Despite the fact that it wasn’t a traditional play—no big rehearsals, no daily gatherings or pizza wrap-parties—the play’s young actors said they felt they had indeed been given the opportunity to have the experience of working on a play even during the pandemic.
“There’s still that sense of community with everyone,” said Sonnenstein. “We’re still a cast and we’re still a show, even though we’re filming all of our stuff separately. We’re still together in the sense that this is our piece.”
Noah Sonenstein, who plays Oberon, said that it was still an odd feeling to put together a play in this disconnected way, but that didn’t prevent the production from being what it aspired to be.
“It was still an amazing experience, and a very new experience,” he said. “It was neat to be in a place that you couldn’t see.”

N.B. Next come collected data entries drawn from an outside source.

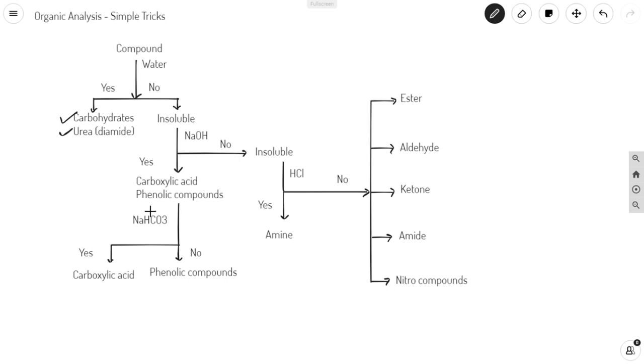If it gives brisk effervescence and gets dissolved, then it should be carboxylic acid. If not, it is phenolic.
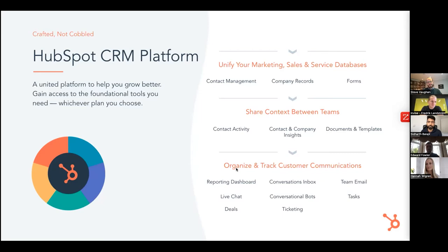A CRM platform promises a single source of truth that empowers your front-office teams to deepen relationships with customers and provide a best-in-class experience. So it's not just for sales — it's for the whole customer experience. That is what HubSpot is: a united platform to help you grow, unifying your marketing, sales, and services databases, sharing context between teams, and organizing and tracking customer communications.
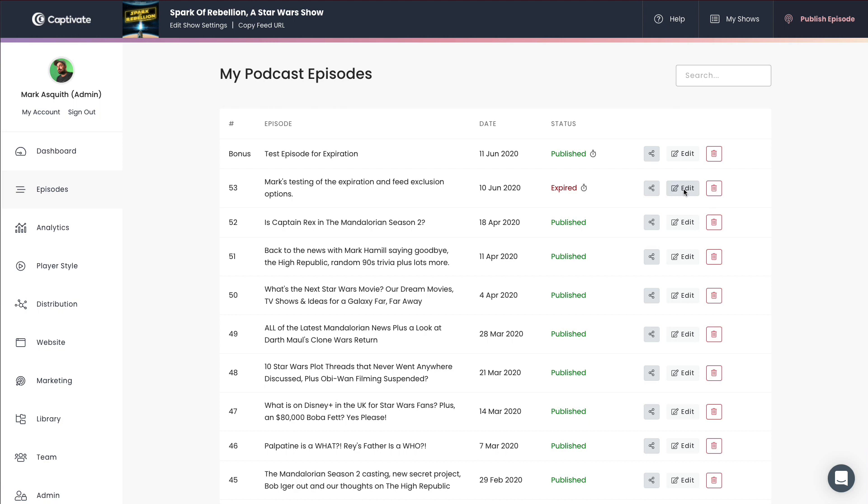And of course, when something's removed from your RSS feed, it will of course be removed from Spotify, Apple Podcasts, Google Podcasts, and the rest of the podcast directories.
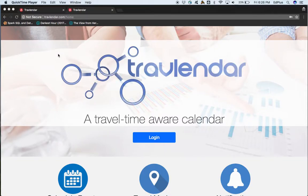Hi, we are group two. The subject is CR518, that is capstone project. Our project is Travelender, and it is a travel-time-aware calendar.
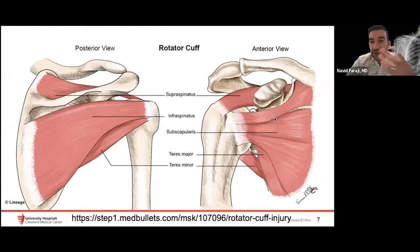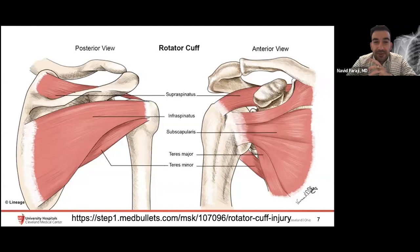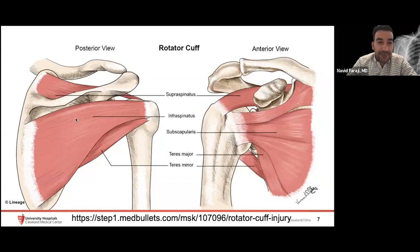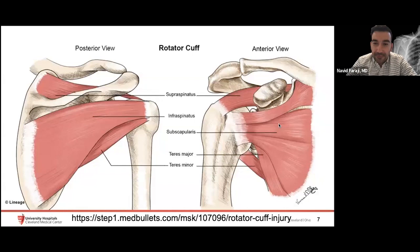The subscapularis is appropriately named — it sits on the under or anterior surface of the scapula. It has a multi-pennate muscle and tendon architecture, which is different from the rest of the cuff. The teres minor is the remaining one — it's inferior to the infraspinatus. In summary: supra is above the spine, infra is below the spine, teres minor is below infra, and these are all posterior/dorsal structures. The subscapularis is the ventral multi-pennate muscle-tendon inserting onto the lesser tuberosity.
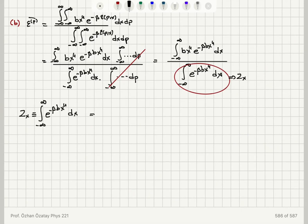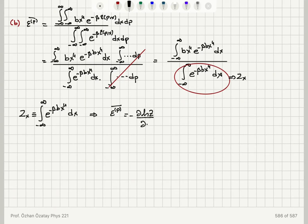If that's the case, then the mean value of the potential energy will be minus del ln(Zx) del beta, as we have shown many times. So this partition function Zx, differentiated with respect to beta, will give me its mean value.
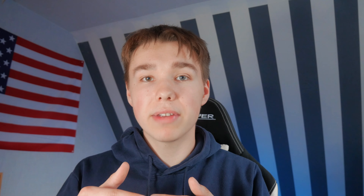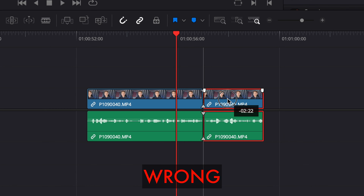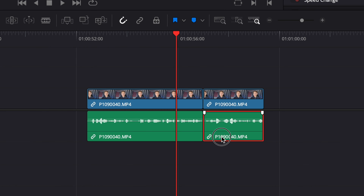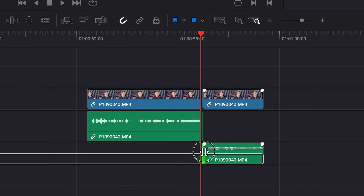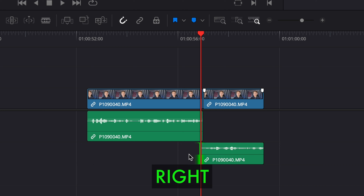The next one is a J-cut. When you're editing and you cut two scenes together, don't just make a straight cut. Let the audio of the second clip play three frames before the actual scene begins. It will sound way better and you cut with flow.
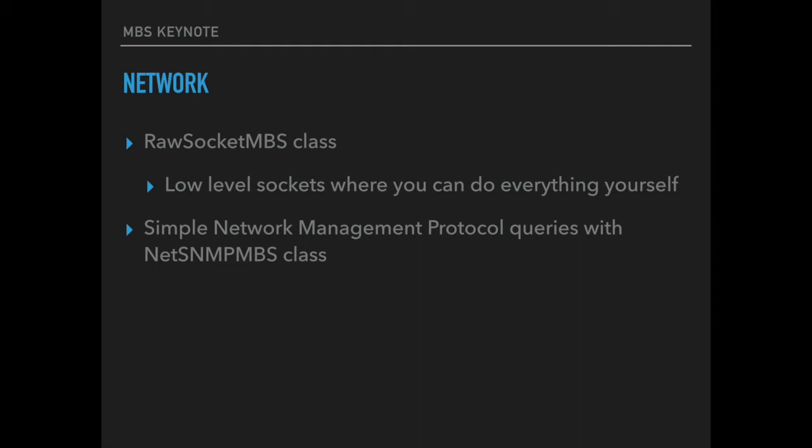On the networking front we got a new raw socket class which allows you to create low level sockets where you can define anything yourself, including headers and you can even create your own protocols. Our simple network management protocol class allows you to query devices with a SNMP protocol. And this for example allows you to query the counters of a copy machine.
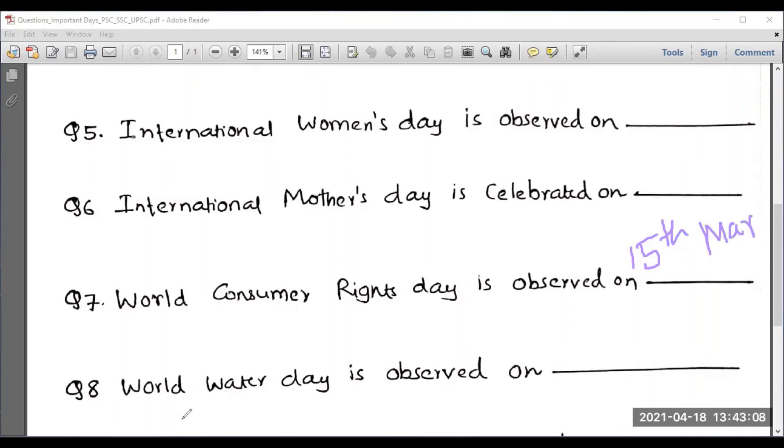Question number 8: World Water Day is observed on 22nd March.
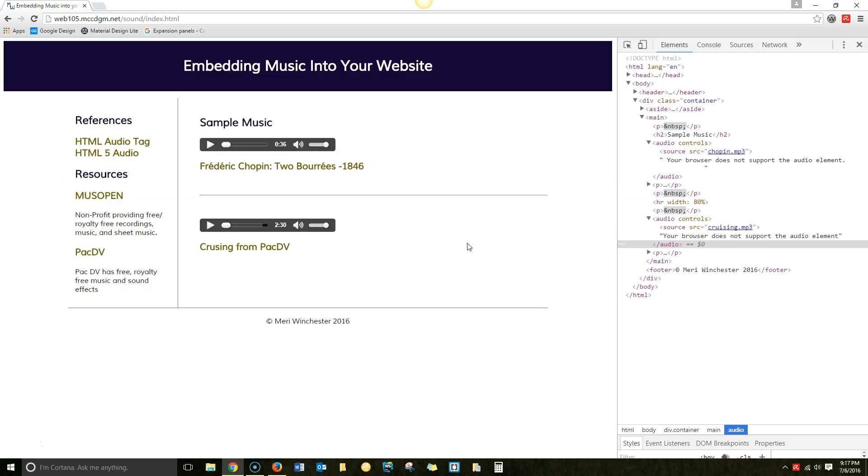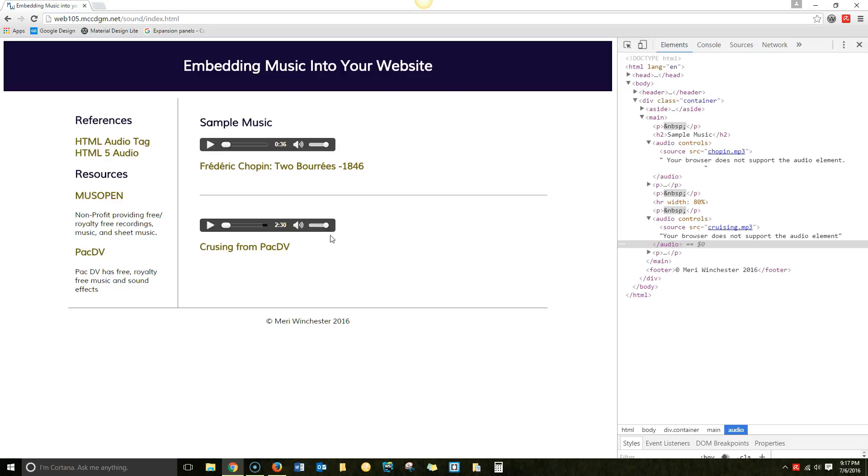You're going to have to do a few samples. You want to use things that are royalty free. I've provided references to the HTML audio tag and HTML5 audio that you can read more about. And these are two sources for free royalty-free music. You do want to keep your sound files fairly small. And like images, they need to be loaded into the same folder as your index.html. And then the player is simply part of HTML5.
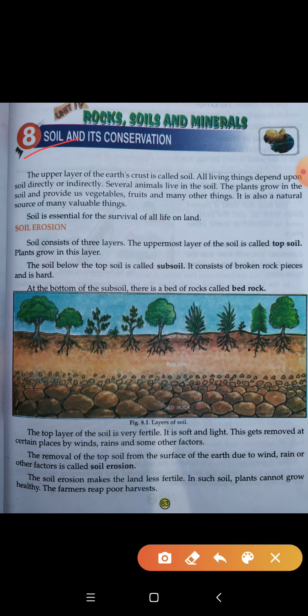The top layer of the soil is very fertile. Jo top layer hoti hai soil ki woh bohat zyada fertile hoti hai. It is soft and light — yeh bohat mulayam hoti hai aur halki hoti hai. This gets removed at certain places by hawaon se, barish se, aur bohat saare factors jaise human activities se. The removal of the top soil from the surface of the earth — is top soil ka prithvi ki satah se remove hona, chahe woh wind se ho, rain se ho ya kisi bhi factor se ho — kya kehlata hai? Soil erosion kehlata hai.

Morton said it actually took a little bit of convincing for the cast to buy into the premise and the needs of the production, and spend even more time thinking about and working in these virtual spaces that they already spent countless hours in for school, and in other parts of their lives.

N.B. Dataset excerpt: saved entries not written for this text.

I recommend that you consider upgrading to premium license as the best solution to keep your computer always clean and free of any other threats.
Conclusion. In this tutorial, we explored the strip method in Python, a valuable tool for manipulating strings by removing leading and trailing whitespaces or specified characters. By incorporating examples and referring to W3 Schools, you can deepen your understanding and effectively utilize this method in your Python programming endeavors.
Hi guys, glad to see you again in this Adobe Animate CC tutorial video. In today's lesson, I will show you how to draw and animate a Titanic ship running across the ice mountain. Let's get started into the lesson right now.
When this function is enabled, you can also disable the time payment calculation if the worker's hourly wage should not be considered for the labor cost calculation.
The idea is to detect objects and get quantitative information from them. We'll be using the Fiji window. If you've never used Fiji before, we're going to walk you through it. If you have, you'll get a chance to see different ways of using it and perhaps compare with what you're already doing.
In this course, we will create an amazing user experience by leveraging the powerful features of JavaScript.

“They’re on it all day long,” Morton said. “They’re virtual for their driving lessons, they’re virtual for their dance classes...and they were sort of done with it. And I said, ‘You got to trust me. In the end, it’s going to be worth it.’”
Hopefully, over the next few months, the theater scene across the country can begin looking toward to more traditional productions, though hybrid, pandemic-driven endeavors like this one are likely to change perceptions around theater and open up new avenues in the industry, with Morton saying she hopes FUSE’s efforts make some waves across the region (one school has already “signed on” to use the production next year).
“Musicals are stereotypically more of a simple or a kids thing, and of course that’s been proven wrong many times,” said Harper Hellerman, who plays Puck. “And Shakespeare is stereotypically...the old stuffy boring thing you read in English class. And this production brings those two things together to make something new.”
As faeries hack live-streams and characters spar across FaceTime, Morton added that she hopes that viewers can find a little bit of humor in the pain, loss, and surreal virtual landscape of the last year, a landscape that can be described both through the musings of the Bard, as well as the technological follies of 2020 and 2021.
“The idea [is] that rather than pretend that we’re not on Zoom, or we’re not telling this story virtually, we’re going to use that to our advantage,” Morton said.